(Record set):
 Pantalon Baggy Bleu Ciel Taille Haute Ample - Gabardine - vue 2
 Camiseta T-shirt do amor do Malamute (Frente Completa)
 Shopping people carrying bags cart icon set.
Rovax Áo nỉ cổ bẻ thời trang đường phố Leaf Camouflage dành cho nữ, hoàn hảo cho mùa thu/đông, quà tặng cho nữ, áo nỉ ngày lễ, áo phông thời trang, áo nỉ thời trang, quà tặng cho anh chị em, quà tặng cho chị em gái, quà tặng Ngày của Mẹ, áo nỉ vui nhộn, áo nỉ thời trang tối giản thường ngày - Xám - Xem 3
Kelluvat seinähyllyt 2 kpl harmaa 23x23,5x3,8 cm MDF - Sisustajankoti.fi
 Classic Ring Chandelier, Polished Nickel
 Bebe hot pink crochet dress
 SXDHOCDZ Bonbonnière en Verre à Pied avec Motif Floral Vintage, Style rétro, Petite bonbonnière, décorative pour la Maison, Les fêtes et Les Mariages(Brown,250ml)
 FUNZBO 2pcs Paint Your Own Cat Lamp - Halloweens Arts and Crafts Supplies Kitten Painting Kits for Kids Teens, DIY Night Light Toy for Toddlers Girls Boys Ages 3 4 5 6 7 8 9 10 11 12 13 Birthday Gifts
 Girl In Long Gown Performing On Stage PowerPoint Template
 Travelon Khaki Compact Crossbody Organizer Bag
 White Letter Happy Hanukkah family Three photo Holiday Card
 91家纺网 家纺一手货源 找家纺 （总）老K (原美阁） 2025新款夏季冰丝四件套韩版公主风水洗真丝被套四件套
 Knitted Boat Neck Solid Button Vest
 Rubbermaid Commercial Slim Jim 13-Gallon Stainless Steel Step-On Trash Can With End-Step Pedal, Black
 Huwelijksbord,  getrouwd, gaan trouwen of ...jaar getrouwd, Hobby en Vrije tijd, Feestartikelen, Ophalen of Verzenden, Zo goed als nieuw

(What you should do): All lines starting at the one holding "FUNZBO 2pcs Paint" and ending at the last line above must be output exactly, and no other line may appear.

(Reply):
 FUNZBO 2pcs Paint Your Own Cat Lamp - Halloweens Arts and Crafts Supplies Kitten Painting Kits for Kids Teens, DIY Night Light Toy for Toddlers Girls Boys Ages 3 4 5 6 7 8 9 10 11 12 13 Birthday Gifts
 Girl In Long Gown Performing On Stage PowerPoint Template
 Travelon Khaki Compact Crossbody Organizer Bag
 White Letter Happy Hanukkah family Three photo Holiday Card
 91家纺网 家纺一手货源 找家纺 （总）老K (原美阁） 2025新款夏季冰丝四件套韩版公主风水洗真丝被套四件套
 Knitted Boat Neck Solid Button Vest
 Rubbermaid Commercial Slim Jim 13-Gallon Stainless Steel Step-On Trash Can With End-Step Pedal, Black
 Huwelijksbord,  getrouwd, gaan trouwen of ...jaar getrouwd, Hobby en Vrije tijd, Feestartikelen, Ophalen of Verzenden, Zo goed als nieuw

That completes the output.